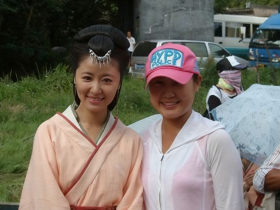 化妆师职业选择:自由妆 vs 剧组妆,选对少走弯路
...
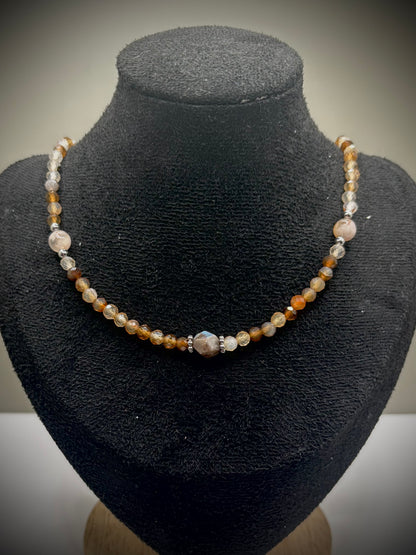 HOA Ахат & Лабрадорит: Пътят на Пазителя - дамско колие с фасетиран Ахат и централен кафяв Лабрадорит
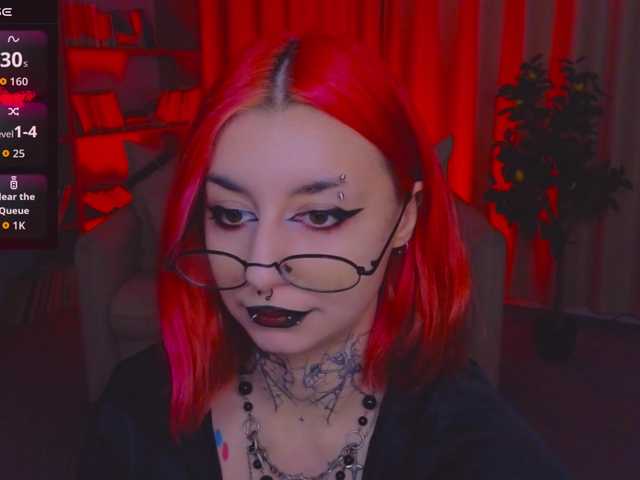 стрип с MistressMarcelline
--
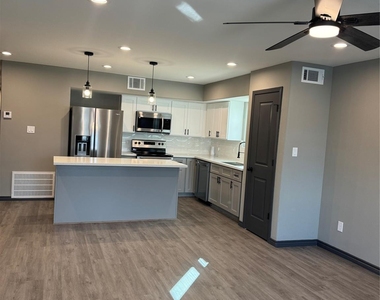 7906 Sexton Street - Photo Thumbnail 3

# [What is being asked]
Repeat, without pictures, exactly the lines of the data above from the one containing "HOA Ахат & Лабрадорит: Пътят" through the one containing "стрип с MistressMarcelline", including both and adding nothing.

# [Response]
 HOA Ахат & Лабрадорит: Пътят на Пазителя - дамско колие с фасетиран Ахат и централен кафяв Лабрадорит
 стрип с MistressMarcelline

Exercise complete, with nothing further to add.